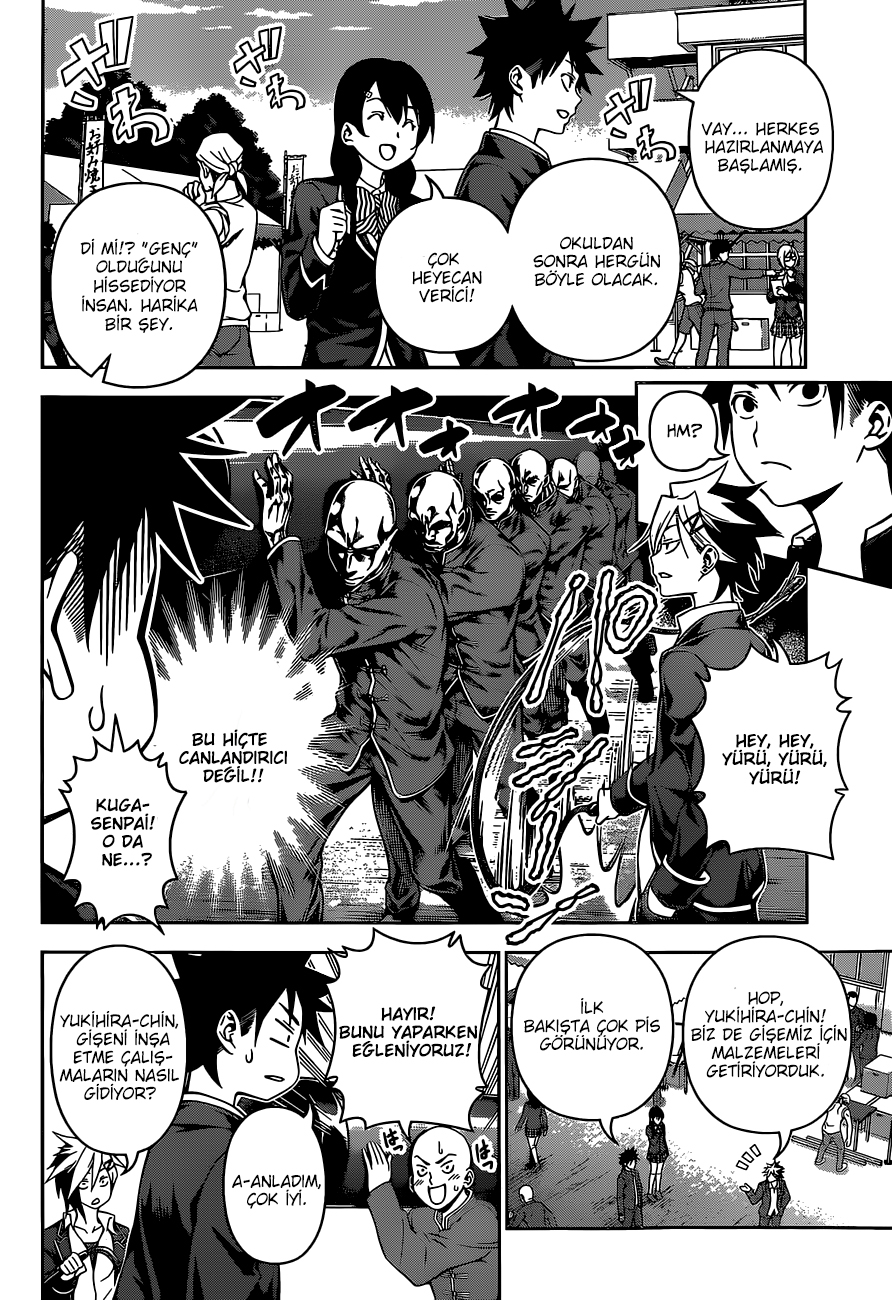 Read Shokugeki no Souma TR Manga Online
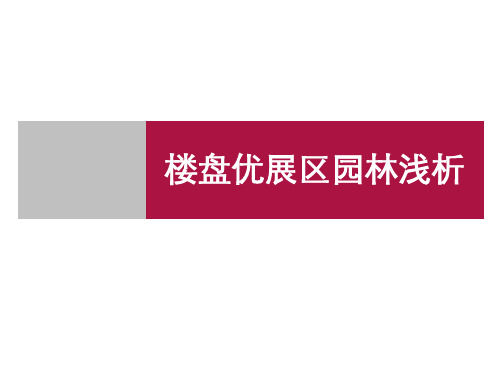 楼盘优展区园林浅析(图文并茂)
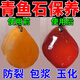 青魚(yú)石保養油活玉青魚(yú)石拋光防裂打磨膏快速變紅玉化修復裂紋專(zhuān)用 3盒裝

→ Task details
When you reproduce the material, keep every word exact and leave each picture out.

→ The answer
 Read Shokugeki no Souma TR Manga Online
 楼盘优展区园林浅析(图文并茂)
 青魚(yú)石保養油活玉青魚(yú)石拋光防裂打磨膏快速變紅玉化修復裂紋專(zhuān)用 3盒裝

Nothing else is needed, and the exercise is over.